The Australia Connection

The saga of British child migrants in Australia is particularly poignant.

Fewer children came here than went to Canada - only about 10,000. But Britain continued to send children here until 1967.

Thus Australian child migrants have had less time to come to terms with the fact of having been deported from the land of their birth. And with so many of them young enough to be hopeful of finding their parents in Britain, their quest for open databases, travel money, and counseling help is all the more urgent.

"We are very, very tired of being ignored," says Sybil McLaren-Carr, president of International Association of Former Child Migrants and Their Families, in Adelaide. The British and Australian governments, as well as the churches and agencies involved in child migration, have until now been slow to acknowledge their roles.

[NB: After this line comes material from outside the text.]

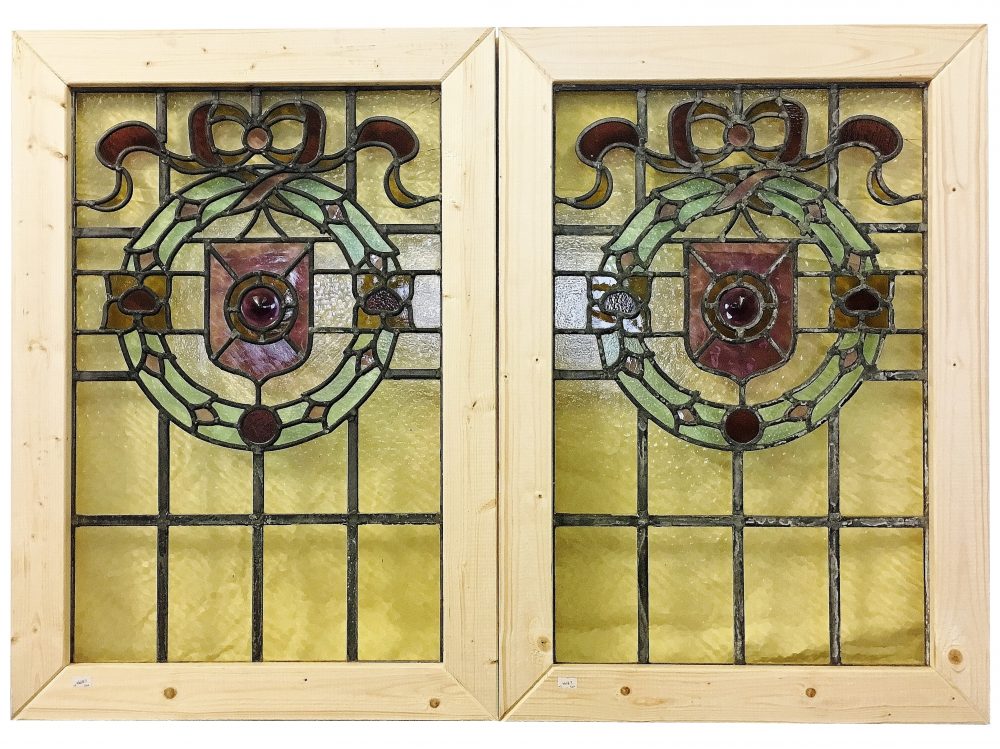 Architectural Salvage A pair of Victorian stained glass windows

The parliamentarians who came to Australia to hear testimony were "not only in a state of shock but horror," says Ms. McLaren-Carr, as they heard the stories of young children, often with parents or other caring relatives, taken from children's homes and shipped Down Under without permission or knowledge of their families. "We were deported as innocent children," says McLaren-Carr. Names were changed, birthdates altered, mothers lied to. Her own research has led her back to her parents' gravesites in Britain.

Many former migrants find it especially hard to accept that the program was carried out for what is now seen as a specious purpose: to populate thinly settled parts of the country, particularly Western Australia, to defend against "the menace of the teeming millions of our neighboring Asiatic races," as the Archbishop of Perth put it at the time.

"The government and parliament of Western Australia have apologized" since the parliamentary committee has issued its report, says Audrey Wise, MP, who served on the committee. "More than apology is needed. Apology is fine if it's part of further action. It's not fine if it's instead of further action."